# youth/ladies longbow for sale



## longbowdave1 (Feb 19, 2010)

this a 58" amo ,fox river longbow, youth model. green mountain action wood riser, maple limbs with black glass. it has a satin finish and classic look. cut near true center with a calf hair rest. a perfect bow for the young shooters or the ladies. perfect for those with a draw length between 24  and 27 inches. 

40# @ 26"
37# @ 25"
34# @ 24"

 185$ shipped to your door anywhere in the U.S..

 thanks for looking.


----------



## longbowdave1 (Feb 19, 2010)

pics of the bow strung.


----------



## longbowdave1 (Feb 19, 2010)

i'd love to hear your comments on the little bow even if your not interested in buying it.

thanks,
dave


----------



## Mr Mike (Feb 19, 2010)

Looks nice but looks are not everything, since never shot it can't really say.


----------



## longbowdave1 (Feb 19, 2010)

mr mike,

 it's a bow that i desiged for my 11 year old son last year, it's a wicked little bow that move an arrow real well. he uses it to hunt whitetails as well as going to 3-d shoots. i'm tempted to use his for turkey this year, it would work well from a blind.


----------



## CallMaker (Feb 19, 2010)

That would be a great bow for turkeys from a blind.

Ed


----------



## longbowdave1 (Feb 19, 2010)

ed , my tag for turkey is not until the first week of may but, i may take that bow. 40+ pounds is plenty to take down a tom!


----------



## CallMaker (Feb 19, 2010)

I should say 40# is enough, and then some. My standard turkey bow for several years was 38# and it worked just fine. For that matter there is nothing wrong with 40# for deer.

Ed


----------



## longbowdave1 (Feb 19, 2010)

i agree. i read and article in traditional bowhunter magazine a few years back, it was about a guy who built just such a short longbow about 35 pounds just for his turkey hunts. he said he liked to be able to draw sooner and hold longer on the birds with a lighter bow. less chance of getting picked off with the movement from drawing the bow>-------->


----------



## CallMaker (Feb 19, 2010)

Amen to that, those birds will bust you in a heartbeat from just a little movement. Being old and lazy most of my turkey hunting is from a blind but when I hunted "in the open" I found that those birds are pretty quick to make you.

Ed


----------



## longbowdave1 (Feb 19, 2010)

i had several toms come in last spring but just wouldn't take the last few steps to  loose an arrow. maybe this year.

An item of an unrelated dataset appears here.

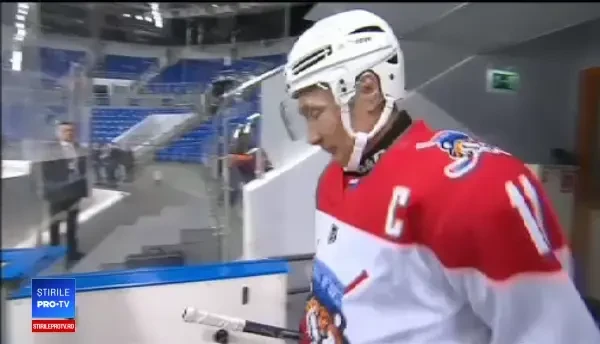 Vladimir Putin a făcut flotări pe gheață la Soci. Lukaşenko l-a privit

 just remembered, that in my avatar picture , my son is holding his version of this bow, it's 38# at 26" and he's lovin it!


----------



## longbowdave1 (Feb 20, 2010)

here's a better picture!


----------



## CallMaker (Feb 21, 2010)

Dave, You have mail.

Ed


----------



## longbowdave1 (Feb 21, 2010)

thanks ed!!


----------



## longbowdave1 (Feb 25, 2010)

bow available only for a few more days, thanks for looking.


----------



## longbowdave1 (Feb 27, 2010)

last day available, thanks for looking!


----------